Monsieur Charasse, madame Cerisier-ben Guiga, je rappelle que l'« écolage », autrement dit l'accueil gratuit d'étudiants étrangers en France, est une caractéristique de notre système universitaire, et je souhaiterais que l'on se garde de toute polémique en la matière, car s'il est vrai que le nombre d'étudiants étrangers a fortement augmenté en France ces dernières années, c'est à la suite d'une politique menée de manière constante au cours des deux dernières législatures.
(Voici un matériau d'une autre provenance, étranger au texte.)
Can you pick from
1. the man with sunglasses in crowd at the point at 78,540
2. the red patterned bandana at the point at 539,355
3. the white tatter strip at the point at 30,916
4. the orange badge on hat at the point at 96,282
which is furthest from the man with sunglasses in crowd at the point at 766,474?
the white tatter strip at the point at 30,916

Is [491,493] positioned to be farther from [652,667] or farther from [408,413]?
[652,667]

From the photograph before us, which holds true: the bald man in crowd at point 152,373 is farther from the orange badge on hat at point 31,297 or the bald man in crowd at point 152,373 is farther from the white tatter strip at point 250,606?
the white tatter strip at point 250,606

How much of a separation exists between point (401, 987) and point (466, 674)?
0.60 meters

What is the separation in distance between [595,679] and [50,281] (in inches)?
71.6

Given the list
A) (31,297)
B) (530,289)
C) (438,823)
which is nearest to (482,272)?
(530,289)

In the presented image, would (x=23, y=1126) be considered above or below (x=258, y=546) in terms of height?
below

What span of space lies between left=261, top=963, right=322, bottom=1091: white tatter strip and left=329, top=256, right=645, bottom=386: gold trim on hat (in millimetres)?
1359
J'y vois la preuve d'un consensus politique au sein de notre pays.

Madame Brisepierre, concernant l'inscription des crédits de coopération culturelle sur plusieurs programmes, je souhaite vous préciser que trois raisons justifient la classification retenue selon le critère géographique.
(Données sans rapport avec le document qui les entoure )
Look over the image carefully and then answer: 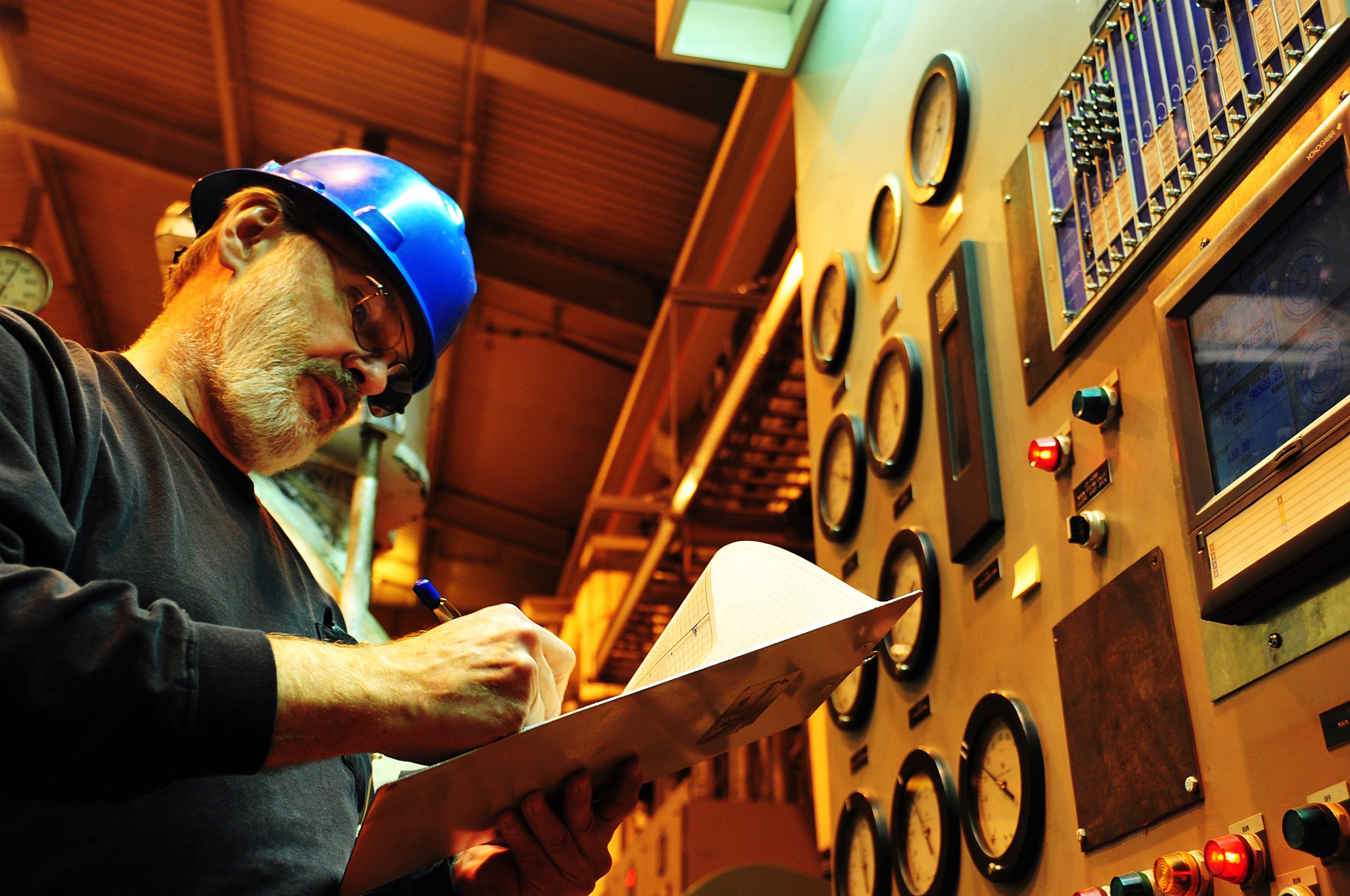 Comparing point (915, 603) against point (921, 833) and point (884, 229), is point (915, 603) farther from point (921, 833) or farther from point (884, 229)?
point (884, 229)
Premièrement, le regroupement des crédits de l'aide au développement permet d'assurer une cohérence avec le chiffre que nous déclarons à l'OCDE. Cela correspond à une demande constante du Parlement. Je note que, ces dernières années, la dispersion de nos crédits d'aide a été critiquée pas moins de deux cent soixante-huit fois au Sénat.

Deuxièmement, cette classification concrétise la conception française selon laquelle la coopération culturelle concourt au développement. Le soutien à des bibliothèques ou la promotion d'artistes locaux, par exemple, constituent des facteurs importants de développement économique et d'identité des pays aidés.

Au demeurant, les productions artistiques représentent souvent une ressource économique directe pour les pays concernés : on estime que l'Afrique exporte plus de produits culturels que de coton.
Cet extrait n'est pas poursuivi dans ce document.